Le taux de la productivité canadienne est également à son plus bas niveau historiquement. Et il est inférieur relativement à d’autres pays industrialisés. La productivité est une variable importante pour la croissance économique, la concurrence et aussi pour la hausse dans les salaires des travailleurs.
Des investissements ciblés dans plusieurs domaines auraient pu contrer un peu ces deux lacunes mentionnées.
À votre sens, quel est l’état de l’économie canadienne?
Depuis la globalisation et l’intégration des marchés à l’échelle mondiale, toutes les économies du monde sont devenues inter-reliées. Les prix de la majorité des produits et des matières premières sont établis sur le marché mondial et en devises américaines. Les fonds capitaux, comme les fonds de pensions, se promènent autour du monde à la recherche des rendements supérieurs.
Il faut dire de façon générale que l’économie mondiale ne s’est pas complètement remise de la grande récession de 2008/2009 et connait toujours une certaine faiblesse. L’Europe continue d’être faible, en partie à cause de l’énorme dette fiscale grecque, espagnole, portugaise et irlandaise.

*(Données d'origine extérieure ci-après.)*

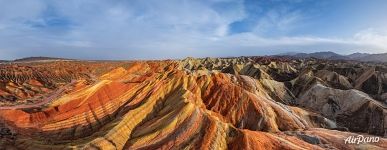 Панорама геопарка Чжанъе Данься Панорама геопарка Чжанъе Данься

L’Asie connait des moments de ralentissements économiques. Tous ces facteurs ont un impact sur la demande globale des matières premières, ainsi que les prix, ce qui fait mal au Canada, puisque celui-ci dépend énormément de ses exportations.
Pourquoi la relance économique est-elle si lente après la crise de 2008-2009?
C’est qu’il faut rebâtir les systèmes financiers aux États-Unis et en Europe.
Le Canada, pour sa part, n’a pas connu le même genre de récession que les États Unis et l’Europe, parce que son système bancaire est beaucoup plus stable et le système financier mieux réglementé.
Malgré tout ça, le Canada est avant tout un pays exportateur. Et à cause de la faiblesse mondiale, le pays a connu des baisses importantes dans ses exportations. Entre juillet 2008 et juin 2009, les exportations canadiennes ont chuté de 37 %. Les exportations en 2015 ont commencé à augmenter pour atteindre le niveau de 2008 – une autre indication de la faiblesse mondiale depuis 2008.
Le faible taux d’intérêt qu’on connait depuis 2009 ne semble pas avoir relancé les investissements, mais a plutôt contribué à l’endettement des Canadiens et à la hausse dans le prix du logement.
L’économie est-elle mystérieuse?
Pas vraiment. Mais il y a beaucoup de données qui sont émises chaque jour avec des résultats divergents. Une semaine, le taux d’inflation est en baisse et la semaine après le taux de chômage est en hausse. Qu’est-ce qui se passe? On doit chercher derrière ces données pour tenter de comprendre la situation. L’économiste et les médias ont un rôle important à jouer afin de bien informer le public.
C’est les différentes positions de pensées économiques qui viennent brouiller les cartes.La droite politique préconise un laissez-faire du marché sans trop d’influence du gouvernement. La gauche politique constate que le marché peut connaître de temps en temps des hauts et des bas. Alors le gouvernement et le secteur privé doivent travailler ensemble pour soutenir l’économie et la création d’emplois.